ASSIGNMENT
For this listing, reproduce the line with "لاند روفر دفندر", the line with "Marrakech Souks and Hidden Sites -Half Day", and the lines between, exactly as they stand. Leave out pictures and all other lines.

PROVIDED ENTRIES
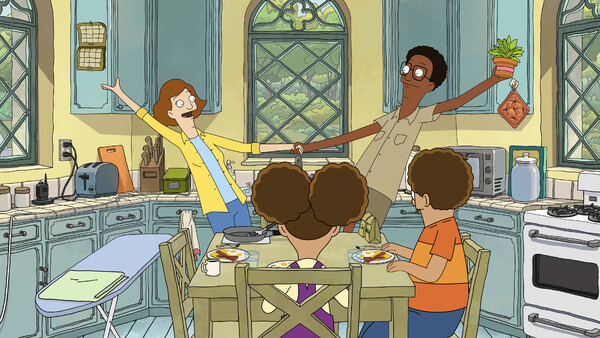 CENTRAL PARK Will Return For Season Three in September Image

...

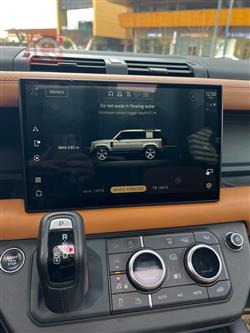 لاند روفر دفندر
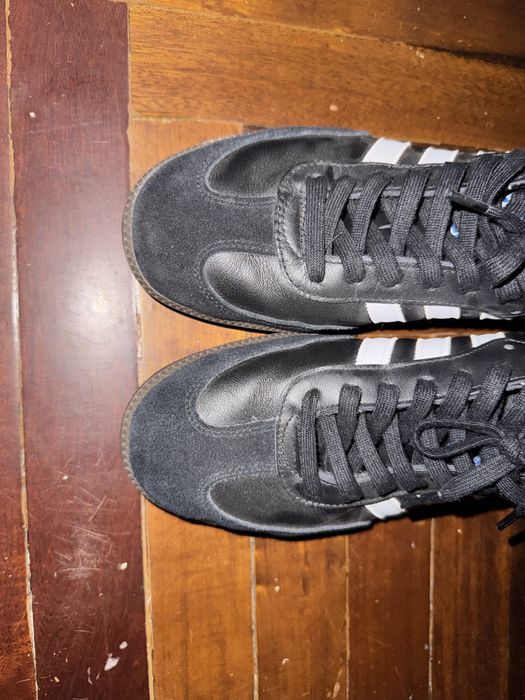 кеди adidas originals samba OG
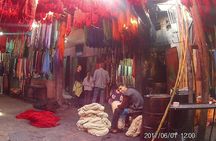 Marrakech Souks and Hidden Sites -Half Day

TASK ANSWER
 لاند روفر دفندر
 кеди adidas originals samba OG
 Marrakech Souks and Hidden Sites -Half Day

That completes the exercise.